══ Source data ══
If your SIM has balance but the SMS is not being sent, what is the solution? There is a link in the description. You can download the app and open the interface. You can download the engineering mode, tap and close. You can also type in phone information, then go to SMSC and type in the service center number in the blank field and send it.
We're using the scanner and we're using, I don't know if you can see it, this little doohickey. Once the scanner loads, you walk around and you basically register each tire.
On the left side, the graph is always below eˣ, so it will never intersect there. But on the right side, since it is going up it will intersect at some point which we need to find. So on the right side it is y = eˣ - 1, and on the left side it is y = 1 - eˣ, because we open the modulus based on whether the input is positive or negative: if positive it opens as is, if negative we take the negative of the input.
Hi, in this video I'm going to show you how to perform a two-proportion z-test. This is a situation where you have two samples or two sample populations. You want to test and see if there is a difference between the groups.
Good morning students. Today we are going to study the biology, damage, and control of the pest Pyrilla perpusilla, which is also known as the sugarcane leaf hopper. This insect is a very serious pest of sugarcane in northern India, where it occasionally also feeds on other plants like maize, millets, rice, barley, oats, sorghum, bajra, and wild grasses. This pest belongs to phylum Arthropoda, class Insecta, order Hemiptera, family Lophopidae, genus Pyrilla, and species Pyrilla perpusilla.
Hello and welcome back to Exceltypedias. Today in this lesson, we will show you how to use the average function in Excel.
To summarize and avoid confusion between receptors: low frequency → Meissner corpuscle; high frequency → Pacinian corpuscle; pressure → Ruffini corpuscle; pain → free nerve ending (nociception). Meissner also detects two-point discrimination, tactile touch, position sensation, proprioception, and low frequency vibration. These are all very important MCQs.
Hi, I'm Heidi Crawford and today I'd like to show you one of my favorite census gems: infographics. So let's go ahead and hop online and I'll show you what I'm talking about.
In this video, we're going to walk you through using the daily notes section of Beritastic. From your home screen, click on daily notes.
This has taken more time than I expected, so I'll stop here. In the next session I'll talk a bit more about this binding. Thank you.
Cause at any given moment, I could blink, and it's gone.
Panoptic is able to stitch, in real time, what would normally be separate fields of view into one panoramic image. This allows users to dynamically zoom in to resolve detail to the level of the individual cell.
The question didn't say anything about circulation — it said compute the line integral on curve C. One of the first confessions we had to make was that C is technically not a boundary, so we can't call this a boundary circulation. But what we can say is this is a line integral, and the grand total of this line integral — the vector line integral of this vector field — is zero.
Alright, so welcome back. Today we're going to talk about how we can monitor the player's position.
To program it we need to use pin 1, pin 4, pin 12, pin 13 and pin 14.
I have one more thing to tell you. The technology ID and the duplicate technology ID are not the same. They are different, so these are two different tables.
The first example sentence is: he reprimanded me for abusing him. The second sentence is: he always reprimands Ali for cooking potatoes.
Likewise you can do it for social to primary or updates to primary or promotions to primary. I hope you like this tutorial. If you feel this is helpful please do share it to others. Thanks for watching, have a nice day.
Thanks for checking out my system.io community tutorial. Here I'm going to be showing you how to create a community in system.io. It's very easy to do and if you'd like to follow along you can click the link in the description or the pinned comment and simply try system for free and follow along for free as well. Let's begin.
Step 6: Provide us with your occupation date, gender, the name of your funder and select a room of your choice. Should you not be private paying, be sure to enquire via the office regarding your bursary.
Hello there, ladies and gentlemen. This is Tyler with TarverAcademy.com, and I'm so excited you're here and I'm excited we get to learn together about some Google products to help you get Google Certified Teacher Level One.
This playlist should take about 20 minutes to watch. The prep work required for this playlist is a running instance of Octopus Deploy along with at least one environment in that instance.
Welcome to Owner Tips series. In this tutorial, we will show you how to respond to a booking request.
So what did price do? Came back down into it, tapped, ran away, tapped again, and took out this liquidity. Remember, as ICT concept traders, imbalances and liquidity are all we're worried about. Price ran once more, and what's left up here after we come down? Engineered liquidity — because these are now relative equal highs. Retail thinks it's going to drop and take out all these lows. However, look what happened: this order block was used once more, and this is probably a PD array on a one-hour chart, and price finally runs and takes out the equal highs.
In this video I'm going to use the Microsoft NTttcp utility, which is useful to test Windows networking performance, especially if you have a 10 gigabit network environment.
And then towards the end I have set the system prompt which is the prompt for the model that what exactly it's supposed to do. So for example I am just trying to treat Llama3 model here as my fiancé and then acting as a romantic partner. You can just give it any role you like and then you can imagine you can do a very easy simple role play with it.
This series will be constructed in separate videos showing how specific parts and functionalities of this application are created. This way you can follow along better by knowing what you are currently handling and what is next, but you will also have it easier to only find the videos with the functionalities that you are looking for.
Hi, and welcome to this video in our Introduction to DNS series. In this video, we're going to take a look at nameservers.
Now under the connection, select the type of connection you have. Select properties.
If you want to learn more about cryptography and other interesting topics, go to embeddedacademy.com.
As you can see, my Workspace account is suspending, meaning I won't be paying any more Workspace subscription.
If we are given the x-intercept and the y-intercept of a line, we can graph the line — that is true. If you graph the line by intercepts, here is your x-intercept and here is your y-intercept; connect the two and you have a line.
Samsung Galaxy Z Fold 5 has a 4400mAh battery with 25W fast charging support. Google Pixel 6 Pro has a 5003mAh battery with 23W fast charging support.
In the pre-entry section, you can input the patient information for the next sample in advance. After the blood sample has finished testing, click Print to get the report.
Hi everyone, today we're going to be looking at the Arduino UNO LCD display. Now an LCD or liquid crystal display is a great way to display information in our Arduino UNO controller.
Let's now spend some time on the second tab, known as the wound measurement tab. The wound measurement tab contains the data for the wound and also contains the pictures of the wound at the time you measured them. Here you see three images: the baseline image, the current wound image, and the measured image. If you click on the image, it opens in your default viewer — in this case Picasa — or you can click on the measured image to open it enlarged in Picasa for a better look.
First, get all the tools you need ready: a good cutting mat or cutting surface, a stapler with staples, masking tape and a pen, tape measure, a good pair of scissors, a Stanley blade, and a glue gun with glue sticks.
═══
:: Problem description ::
Could you return exactly the lines above from the line with "Hi, and welcome" to the line with "As you can see, my", both included, and nothing else?

:: Task answer ::
Hi, and welcome to this video in our Introduction to DNS series. In this video, we're going to take a look at nameservers.
Now under the connection, select the type of connection you have. Select properties.
If you want to learn more about cryptography and other interesting topics, go to embeddedacademy.com.
As you can see, my Workspace account is suspending, meaning I won't be paying any more Workspace subscription.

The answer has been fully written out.